If the above trend continues until March 2025, and This Land cannot pay any of the loan interest CCC depends on to provide frontline services to the public, then the authority will need to find up to £8.57m worth of savings elsewhere, or be forced to make service cuts (pothole repairs?) in order to balance its budget for the financial year.


For how much longer can This Land survive?

Apart from repaying a few, smaller, short term loans to CCC, This Land's sporadic repayments to date have been for loan interest only.  The loan repayment schedule, set out on page 19 of This Land Finance Ltd's latest audited accounts, show when the loan principal amounts are due to be repaid. 


 The £5.9m loan agreed last July (behind closed doors) is due to be repaid in February 2026.

Taking all the above information into account, if This Land Ltd is not to default on repaying the loan principal total of £120m on time, it will need an immediate turnaround from making annual losses of nearly £12m, to making annual profits of £30m on average between now and January 2029, and to convert all of those profits into cash.  If one assumes This Land will break even in 2024-25 (however unlikely that may be), then the profits the company will need to make going forward to repay those loans just in time look like this:




How will This Land Ltd accomplish this task?

All the signs are that This Land is once again running out of cash.  CCC's loan to the company last year appears to have been unlawful - breaching the government's 2020 ban on councils borrowing primarily for yield, and also breaching the 2021 amendments to the CIPFA Prudential Code, which made it clear that:

 "borrowing for debt-for-yield investment is not permissible under the Prudential Code"

True to form, CCC has concealed the report recommending that loan, asserting that it is confidential.  And so it appears that the purpose of the loan may have been to help This Land pay CCC the interest on its existing loans, thus initiating another vicious cycle.  Bridgewater hedge fund founder Ray Dalio put it this way in a recent article:

"When you get to the point that you have to borrow money to service the debt and interest rates are rising, so that debt service payments rise, so you need to borrow more money to pay them, you’re in what the markets call a death spiral."

However, the growing adverse forecast variances (see above) in This Land's loan interest payments to CCC suggest that the latest loan may already have been spent on other more urgent outgoings so that there was little or none left to pay CCC the loan interest. 
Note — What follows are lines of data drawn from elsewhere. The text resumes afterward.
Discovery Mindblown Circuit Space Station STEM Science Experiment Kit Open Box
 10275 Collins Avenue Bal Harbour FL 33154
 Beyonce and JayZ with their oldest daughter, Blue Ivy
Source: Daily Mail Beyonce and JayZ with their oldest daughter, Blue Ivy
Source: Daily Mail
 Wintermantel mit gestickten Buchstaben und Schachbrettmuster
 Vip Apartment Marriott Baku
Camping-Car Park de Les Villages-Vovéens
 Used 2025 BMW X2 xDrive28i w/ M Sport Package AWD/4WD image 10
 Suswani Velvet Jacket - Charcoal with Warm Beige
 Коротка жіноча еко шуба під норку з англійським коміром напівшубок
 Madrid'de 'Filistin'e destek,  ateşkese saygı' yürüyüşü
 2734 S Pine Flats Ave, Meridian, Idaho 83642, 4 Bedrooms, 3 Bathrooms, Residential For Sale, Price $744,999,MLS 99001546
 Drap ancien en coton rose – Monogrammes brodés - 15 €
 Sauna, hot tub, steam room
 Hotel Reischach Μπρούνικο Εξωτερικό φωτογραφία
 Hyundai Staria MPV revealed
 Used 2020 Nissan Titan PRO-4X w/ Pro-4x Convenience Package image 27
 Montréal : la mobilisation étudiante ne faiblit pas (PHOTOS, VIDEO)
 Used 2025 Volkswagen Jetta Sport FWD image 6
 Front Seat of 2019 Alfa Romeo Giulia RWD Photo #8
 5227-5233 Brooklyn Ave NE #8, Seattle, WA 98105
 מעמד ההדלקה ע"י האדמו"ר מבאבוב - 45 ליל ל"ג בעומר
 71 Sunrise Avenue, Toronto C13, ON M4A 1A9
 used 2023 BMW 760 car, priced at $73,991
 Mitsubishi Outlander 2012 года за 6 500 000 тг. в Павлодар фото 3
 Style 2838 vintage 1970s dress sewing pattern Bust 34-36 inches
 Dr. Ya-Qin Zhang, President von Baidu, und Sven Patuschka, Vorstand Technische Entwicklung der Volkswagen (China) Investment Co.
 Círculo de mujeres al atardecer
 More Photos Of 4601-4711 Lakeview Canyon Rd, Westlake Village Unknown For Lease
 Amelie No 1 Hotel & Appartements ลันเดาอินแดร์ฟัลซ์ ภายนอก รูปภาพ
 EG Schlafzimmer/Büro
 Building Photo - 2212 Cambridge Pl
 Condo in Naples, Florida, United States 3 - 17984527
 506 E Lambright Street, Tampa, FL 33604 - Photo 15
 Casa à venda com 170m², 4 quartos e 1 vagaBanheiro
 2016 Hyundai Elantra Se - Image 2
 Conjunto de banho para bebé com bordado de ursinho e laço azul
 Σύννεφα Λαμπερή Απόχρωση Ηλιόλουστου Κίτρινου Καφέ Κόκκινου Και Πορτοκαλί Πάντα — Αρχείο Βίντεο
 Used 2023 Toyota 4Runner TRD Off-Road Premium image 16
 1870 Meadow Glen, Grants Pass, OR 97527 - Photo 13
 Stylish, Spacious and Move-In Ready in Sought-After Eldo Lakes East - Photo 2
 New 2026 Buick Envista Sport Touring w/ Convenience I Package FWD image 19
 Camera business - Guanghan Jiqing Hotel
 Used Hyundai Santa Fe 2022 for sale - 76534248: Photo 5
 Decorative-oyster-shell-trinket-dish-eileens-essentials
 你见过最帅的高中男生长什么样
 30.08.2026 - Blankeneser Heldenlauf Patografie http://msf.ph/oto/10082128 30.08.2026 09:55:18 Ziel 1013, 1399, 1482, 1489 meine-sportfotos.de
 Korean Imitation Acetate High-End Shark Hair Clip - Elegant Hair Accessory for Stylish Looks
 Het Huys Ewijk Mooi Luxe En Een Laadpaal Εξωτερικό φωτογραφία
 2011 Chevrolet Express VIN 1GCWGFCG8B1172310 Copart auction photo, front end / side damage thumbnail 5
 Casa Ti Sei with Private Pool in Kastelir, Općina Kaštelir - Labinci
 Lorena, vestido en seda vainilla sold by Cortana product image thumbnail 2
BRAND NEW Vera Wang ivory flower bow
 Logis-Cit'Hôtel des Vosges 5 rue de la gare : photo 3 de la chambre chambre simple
Where is the 2024 Business Plan?

This Land Ltd published annual business plans for 2022 and 2023.  They were both public documents.  Both contained wholly unreliable future cashflow forecasts, and so gave no reassurance that This Land would be able to service its existing debt and repay the nine-figure loans by their maturity dates.  The 2023 business plan for example promised:

"Our cashflow modelling confirms the repayment of all loans and interest by 2029" 

Just twelve months later, This Land requested, and received, a further loan of £5.9m from its shareholder. 

CCC officers promised councillors that This Land's latest business plan (logically the 2024 plan), would  arrive in November 2024, then in December.  In January's agenda papers for the Strategy, Resources and Performance Committee, This Land's business plan (the year is no longer specified), was promised "in the Spring of 2025".  It is an important document because it should explain how the company intends to turn its fortunes around so dramatically.  Local taxpayers are entitled to know.

The agenda contents document for the inaugural meeting of CCC's Shareholder Sub-Committee, to be held on 29th January 2025, announces that members will discuss the long-anticipated This Land Ltd Business Plan.  According to a report written by the Monitoring Officer in July 2024,  the Sub-Committee's duties are to include approving the business plans of council-owned companies.  But if this is indeed This Land's 2024 Business Plan, there seems little point in approving, or even not approving it in January 2025.


Committed to open government?

Unlike its two predecessors, the latest Business Plan is deemed confidential.  No explanation is given other than that...

"it would not be in the public interest for this information to be disclosed." 

The agenda contents document states that the press and public are to be excluded from the meeting before This Land's business plan is discussed.  Members serving on the Sub-Committee cannot already have conducted a public interest test (as required by law) to determine whether to release the document, because their first meeting has not yet taken place.  As with the loan decision last July, council officers and elected members seem determined to breach the rules and conceal vital information from the public.  That is how CCC frequently conducts its business.  At the foot of the same agenda contents document, the committee clerk apparently thought it appropriate to add: 

"The County Council is committed to open government and members of the public are welcome to attend Committee meetings. It supports the principle of transparency and encourages filming, recording and taking photographs at meetings that are open to the public." 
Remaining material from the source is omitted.